[INPUT Boundary: Start]
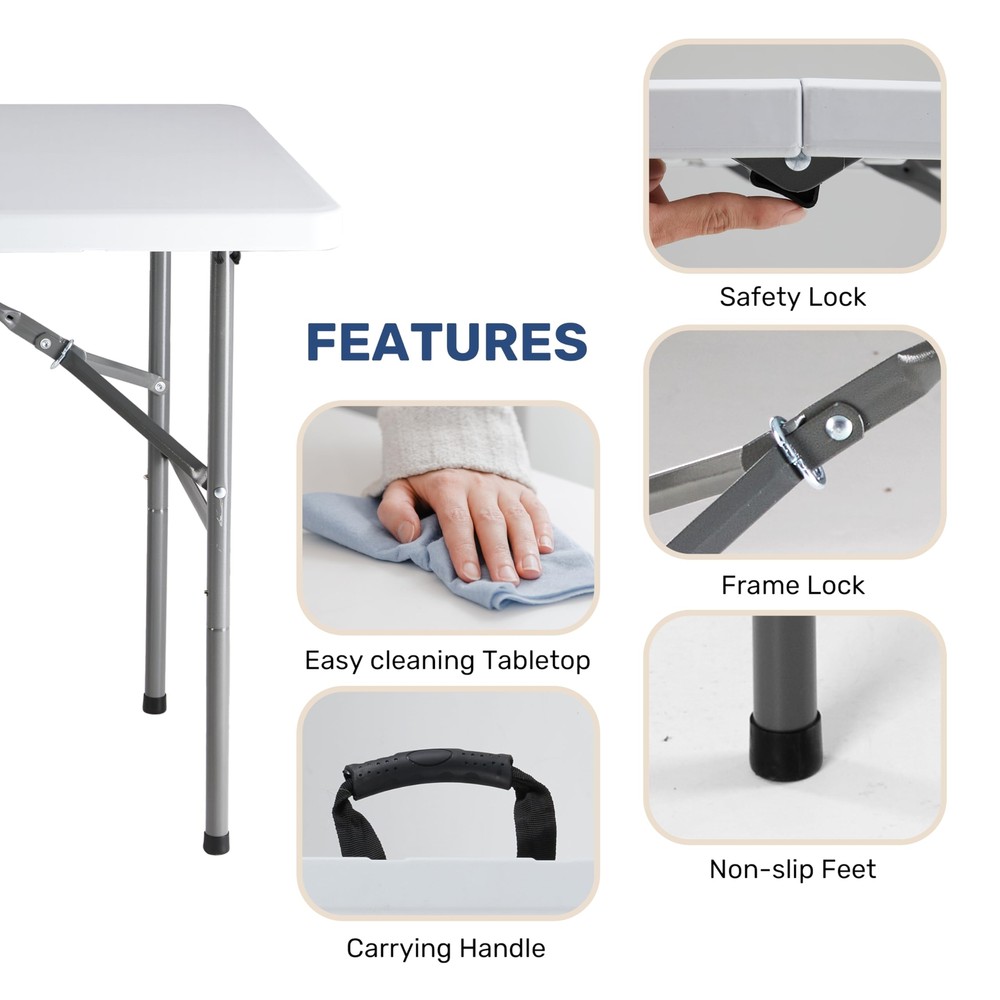 Portable 4ft Folding Table with Handle - Ideal for Camping, Picnics & Parties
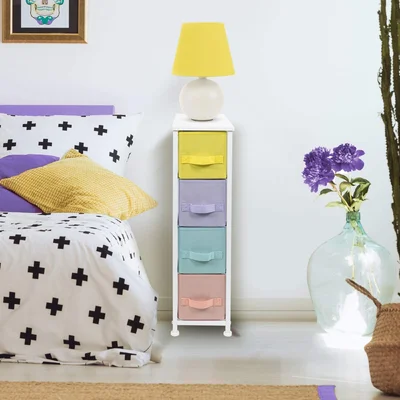 Sorbus Narrow Dresser Tower With 4 Drawers - Vertical Storage For Bedroom, Bathroom, Laundry, Closets, And More (Pastel)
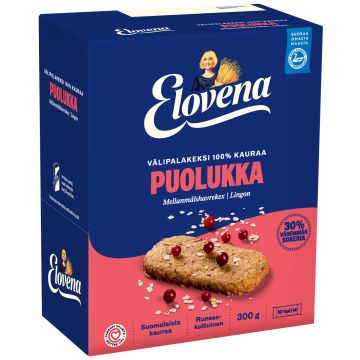 ELOVENA KAURA-PUOLUKKA VÄLIPALAKEKSI 100% KAURAA 10KPL 300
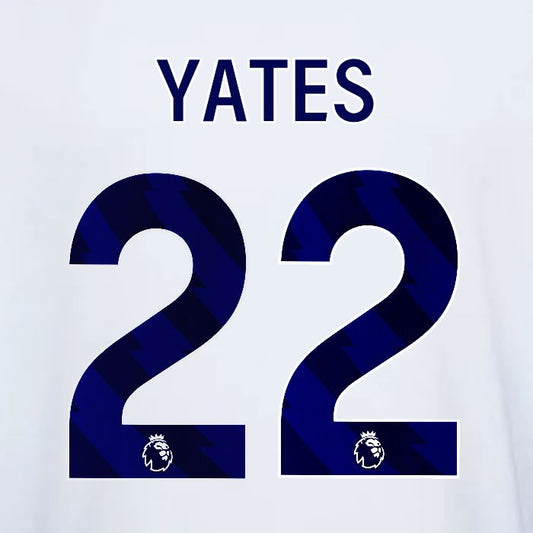 2023 2024 OFFICIAL NOTTINGHAM YATES 22 BLUE AWAY PLAYER SIZE NAMESET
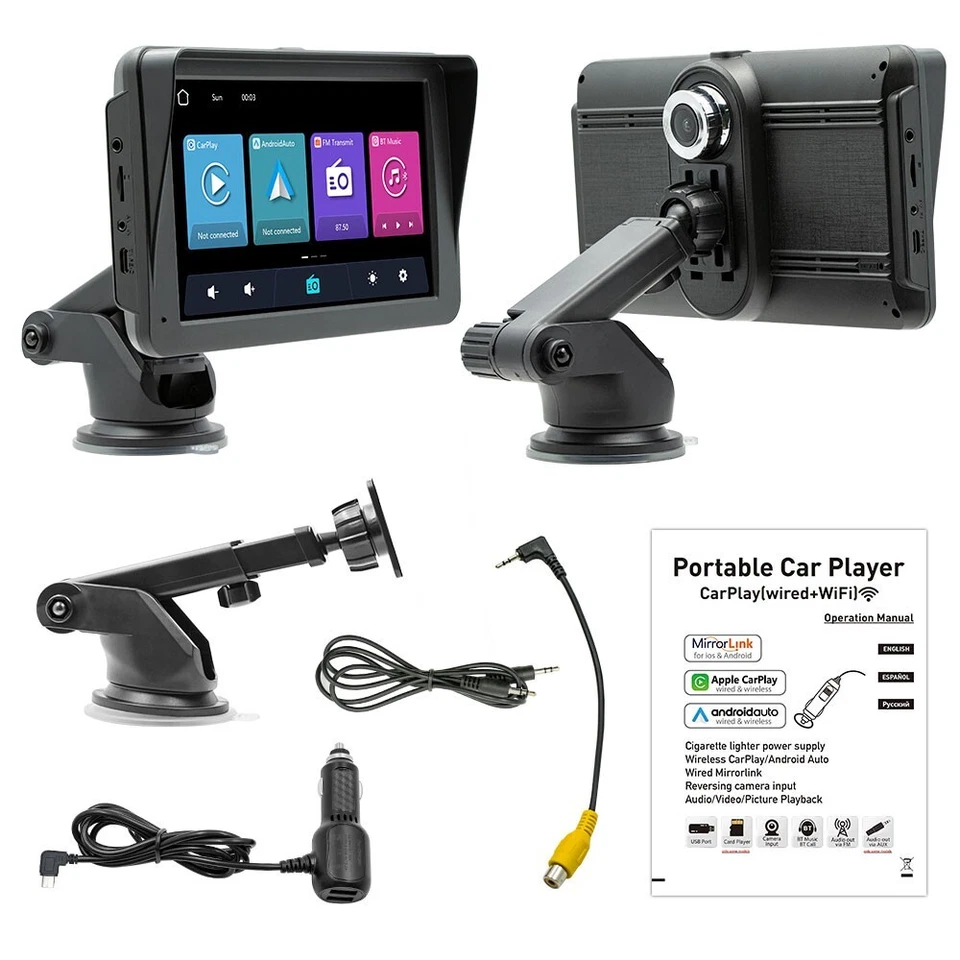 B5570 7-in 1024x600 Portable Car Player Bluetooth MP5 Player Built-in Dash Cam - Image 1 of 4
[INPUT Boundary: End]
== GOAL OF THE EXERCISE ==
An acceptable answer holds exactly the lines from the one with "2023 2024 OFFICIAL" through the end of the entries above, both ends kept, and no pictures at all.

== REPLY TO THE EXERCISE ==
 2023 2024 OFFICIAL NOTTINGHAM YATES 22 BLUE AWAY PLAYER SIZE NAMESET
 B5570 7-in 1024x600 Portable Car Player Bluetooth MP5 Player Built-in Dash Cam - Image 1 of 4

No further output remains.